To accomplish this, the student has little choice but to apply the analysis techniques presented in the course in order to derive the asymptotic running time of each algorithm, and then to match these with the execution times obtained by running the four programs in the manner described above.
function Max_Seg_Sum_A
( A : Ary_Type ) return integer is
Sum : integer;
Max_So_Far : integer := 0;
begin
for I in A'FIRST .. A'LAST loop
Sum := 0;
for J in I .. A'LAST loop
Sum := Sum + A(J);
Max_So_Far := Max(Max_So_Far, Sum);
end loop;
end loop;
return Max_So_Far;
end Max_Seg_Sum_A;
function Max_Seg_Sum_B
( A : Ary_Type ) return integer is
Sum : integer;
Max_So_Far : integer := 0;
begin
for I in A'FIRST .. A'LAST loop
for J in I .. A'LAST loop
Sum := 0;
for K in I .. J loop
Sum := Sum + A(K);
end loop;
Max_So_Far := Max(Max_So_Far, Sum);
end loop;
end loop;
return Max_So_Far;
end Max_Seg_Sum_B;
function Max_Seg_Sum_C
( A : Ary_Type ) return integer is
Max_So_Far : integer := 0;
Max_Ending_Here : integer := 0;
begin
for I in A'FIRST .. A'LAST loop
Max_Ending_Here :=
Max(Max_Ending_Here + A(I), 0);
Max_So_Far :=
Max(Max_So_Far, Max_Ending_Here);
end loop;
return Max_So_Far;
end Max_Seg_Sum_C;
function Max_Seg_Sum_D
( A : Ary_Type ) return integer is
Sum : integer;
Mid : integer;
Max_TL : integer := 0; --max to left
Max_TR : integer := 0; --max to right
Max_WL : integer; --max within left
Max_WR : integer; --max within right
Max_C : integer; --max with A(Mid)
begin
if A'LENGTH = 0 then
return 0;
elsif A'LENGTH = 1 then
return Max(A(A'FIRST), 0);
else
Mid := (A'FIRST + A'LAST) / 2;
--find max seg sum including A(Mid)
--first work towards left
Sum := 0;
for I in reverse A'FIRST..Mid-1 loop
Sum := Sum + A(I);
Max_TL := Max(Sum, Max_TL);
end loop;
--now work towards right
Sum := 0;
for I in Mid+1..A'LAST loop
Sum := Sum + A(I);
Max_TR := Max(Sum, Max_TR);
end loop;
--now compute it
Max_C := Max_TL + A(Mid) + Max_TR;
--find max seg sum within left and
--right halves, using recursion
Max_WL :=
Max_Seg_Sum_D(A(A'FIRST..Mid-1));
Max_WR :=
Max_Seg_Sum_D(A(Mid+1..A'LAST));
--result is the maximum of the three
return Max(Max_C,
Max(Max_WL, Max_WR));
end if;
end Max_Seg_Sum_D;
Even a novice programmer-one just having completed CS 1, say-should be capable of producing the fairly obvious O(n3) solution to the problem, which is our Algorithm B. It simply computes, for each i and j satisfying A'FIRST £ i £ j £ A'LAST, the sum of the segment A(i..j), and remembers the maximum among them. There being O(n2) such segments with an average length of O(n), this yields a complexity of O(n3). Algorithm A improves on B by taking advantage of the fact that, to compute the sum of the segment A(i..j), where i £ j, one need only add A(j) to the sum of the segment A(i..j-1). A running time of O(n2) is thereby achieved.

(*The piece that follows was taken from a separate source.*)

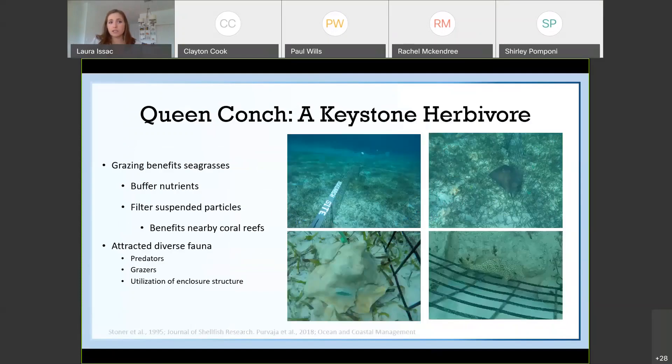Despite the lack of egg laying, we did see that the queen conch was definitely a keystone herbivore — quite convincing evidence for this. There was a benefit to the seagrass, and we know that grazing and keeping seagrass clear of epiphytes allows the seagrass to buffer nutrients and filter suspended particles, which is very beneficial for nearby coral reefs. We also had a diverse community of fauna being attracted into the system, possibly because conch is a popular prey item, but also because grazers were attracted into the enclosure to eat the epiphytes off the conch and enclosure material. Some fauna also utilized the enclosure structure itself for habitat and shelter.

Algorithm D is based on a divide-and-conquer strategy.
The crucial observation is that, for any k satisfying
A'FIRST £ k £ A'LAST,
there exists a segment of A
that yields the maximum sum and that either
(1) occurs within A(A'FIRST .. k-1),
(2) occurs within A(k+1 .. A'LAST), or
(3) includes A(k).
Thus, to compute the maximum segment sum of A, it suffices to choose k, to compute the maximum sum among the segments in each of the three categories, and, finally, to take the largest of these. To cover categories (1) and (2), it is natural to use recursion. Running time is minimized when k is chosen to be midway between A'FIRST and A'LAST (for exactly the same reason that quicksort runs fastest when the pivot happens to partition the array into equal-sized parts). The asymptotic running time is O(n logn).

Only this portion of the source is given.